DESCRIPTION OF THE TASK
Restate, exactly as written, the entries below from the line that holds "מייקל לואיס (צילום: צילום מסך אינסטגרם)" through the line that holds "One last run". Pictures are not part of the copy.
————
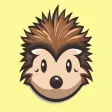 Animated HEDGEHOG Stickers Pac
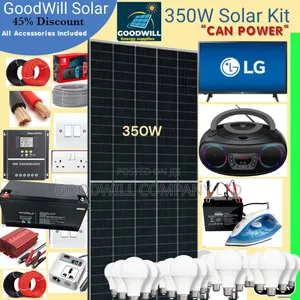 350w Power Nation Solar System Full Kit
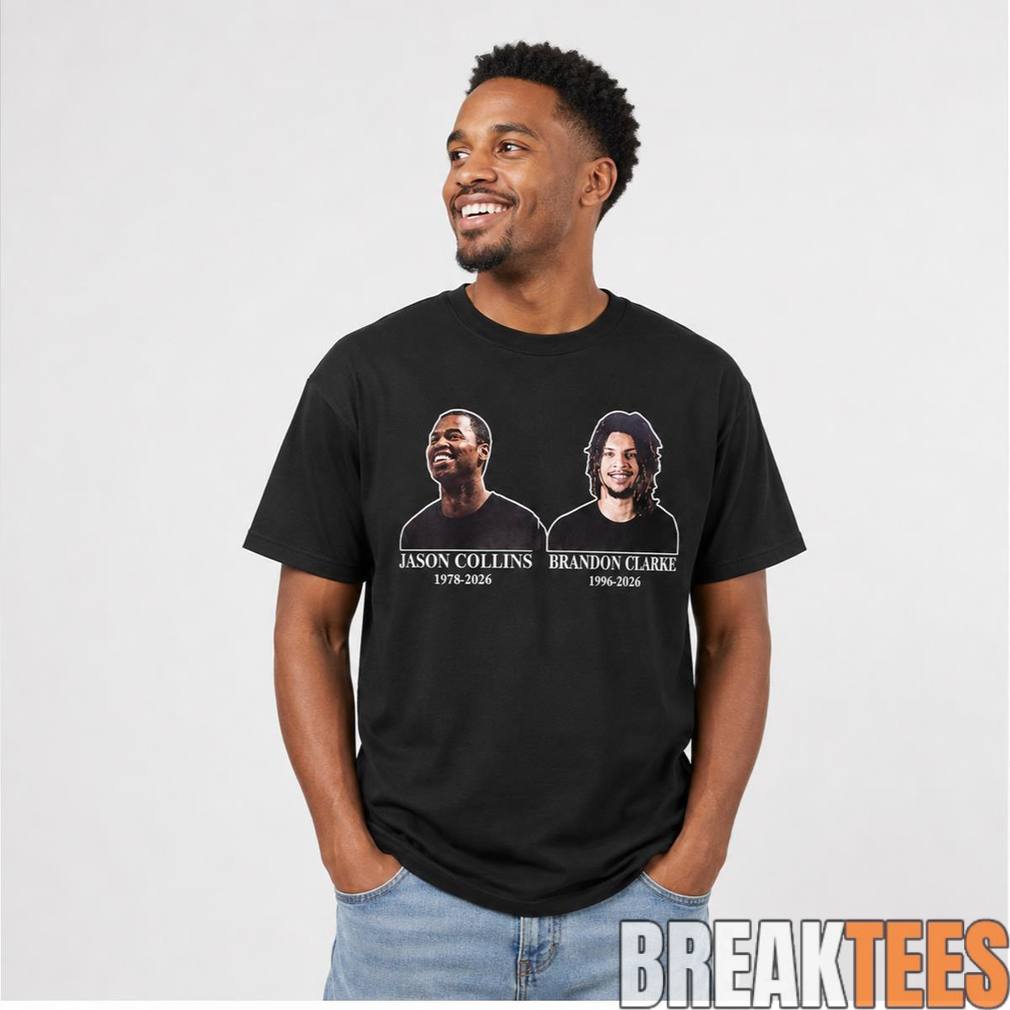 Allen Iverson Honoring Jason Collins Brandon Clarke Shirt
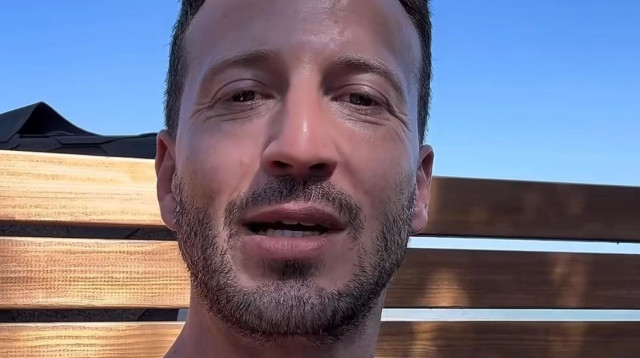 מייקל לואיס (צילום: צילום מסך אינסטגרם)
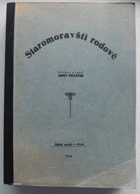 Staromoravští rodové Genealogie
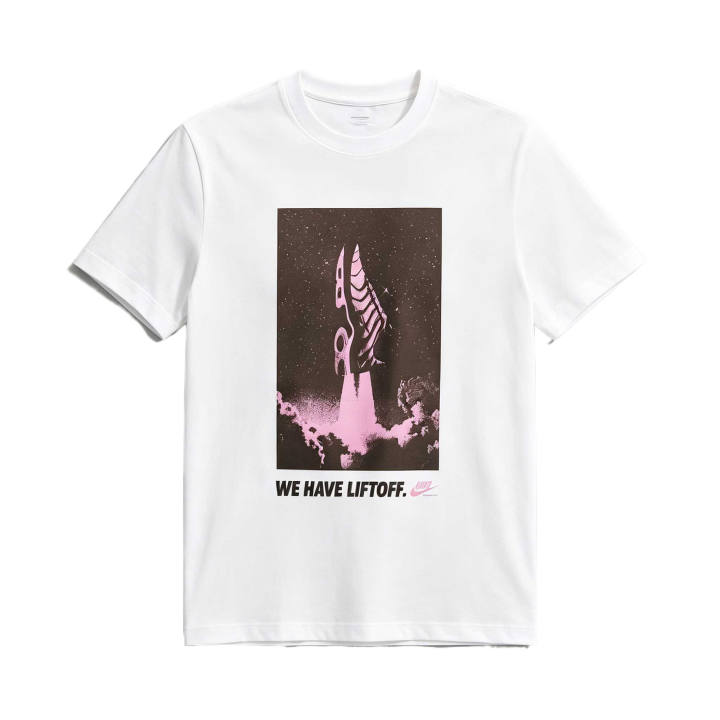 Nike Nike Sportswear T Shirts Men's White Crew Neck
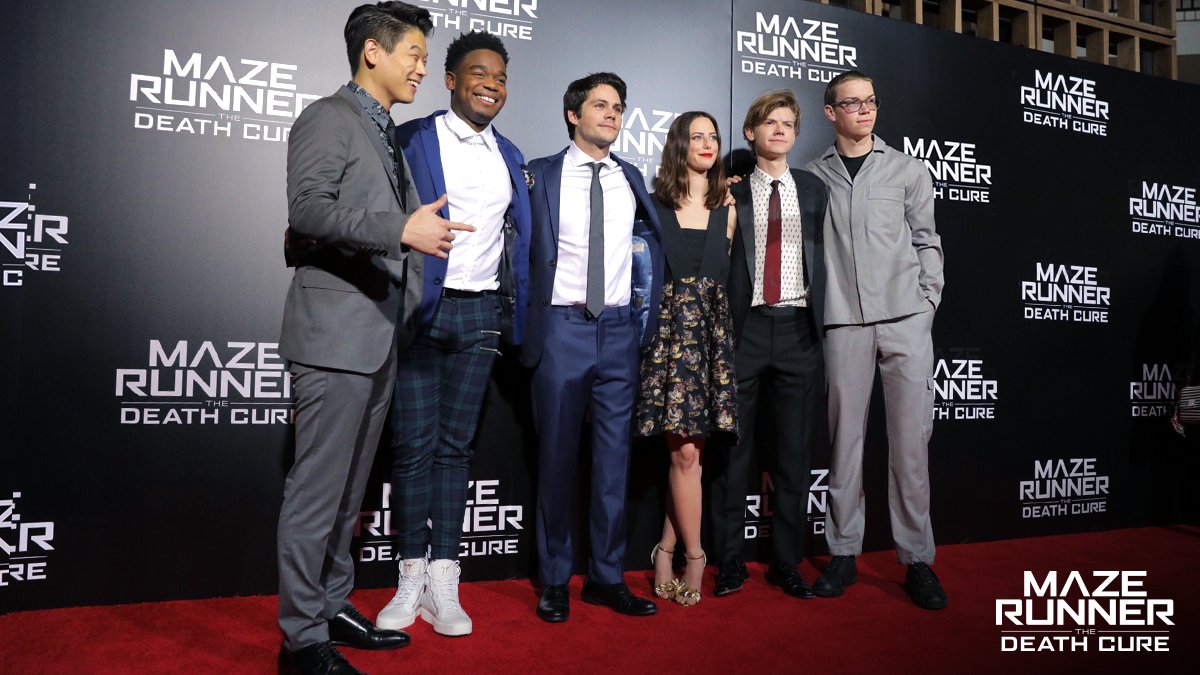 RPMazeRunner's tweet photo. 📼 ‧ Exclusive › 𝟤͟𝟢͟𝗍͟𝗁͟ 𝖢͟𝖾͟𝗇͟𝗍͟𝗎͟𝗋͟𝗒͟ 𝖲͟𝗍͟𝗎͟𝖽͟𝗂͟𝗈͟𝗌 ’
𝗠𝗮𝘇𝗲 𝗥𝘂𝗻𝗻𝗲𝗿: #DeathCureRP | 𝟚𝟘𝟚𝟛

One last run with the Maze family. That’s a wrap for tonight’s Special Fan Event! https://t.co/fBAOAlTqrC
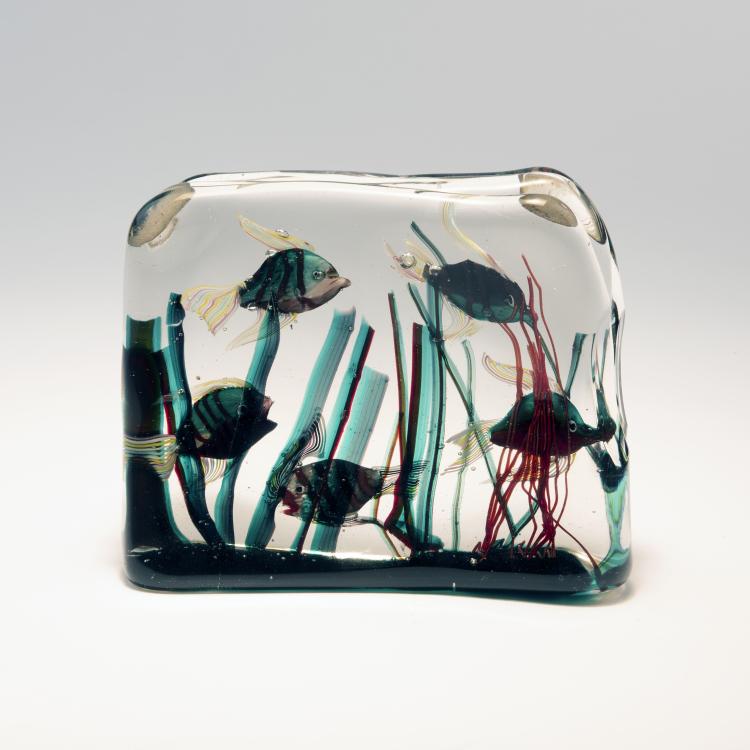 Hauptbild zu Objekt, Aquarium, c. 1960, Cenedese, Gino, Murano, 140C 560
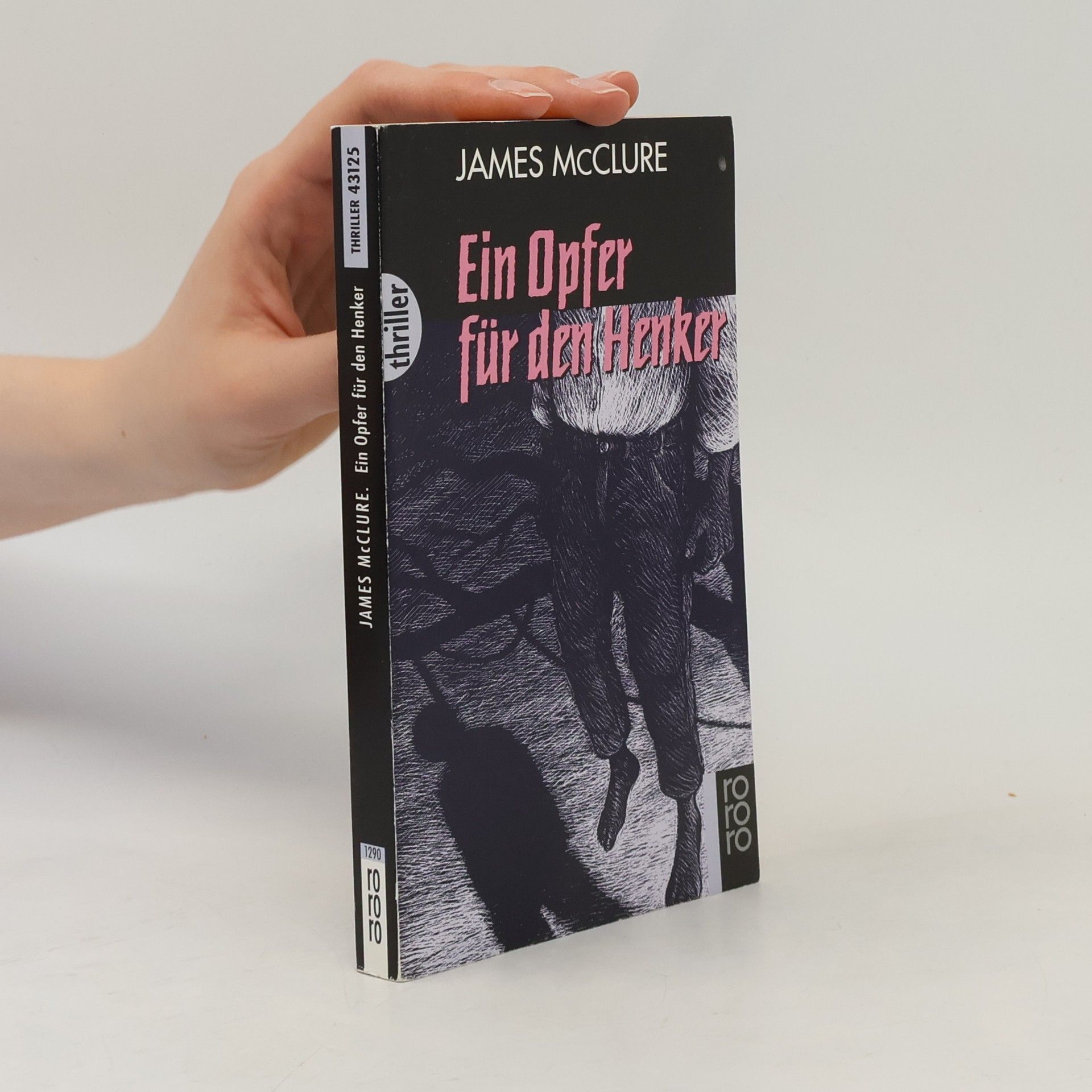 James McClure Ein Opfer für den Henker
————
RESPONSE TO THIS TASK
 מייקל לואיס (צילום: צילום מסך אינסטגרם)
 Staromoravští rodové Genealogie
 Nike Nike Sportswear T Shirts Men's White Crew Neck
 RPMazeRunner's tweet photo. 📼 ‧ Exclusive › 𝟤͟𝟢͟𝗍͟𝗁͟ 𝖢͟𝖾͟𝗇͟𝗍͟𝗎͟𝗋͟𝗒͟ 𝖲͟𝗍͟𝗎͟𝖽͟𝗂͟𝗈͟𝗌 ’
𝗠𝗮𝘇𝗲 𝗥𝘂𝗻𝗻𝗲𝗿: #DeathCureRP | 𝟚𝟘𝟚𝟛

One last run with the Maze family. That’s a wrap for tonight’s Special Fan Event! https://t.co/fBAOAlTqrC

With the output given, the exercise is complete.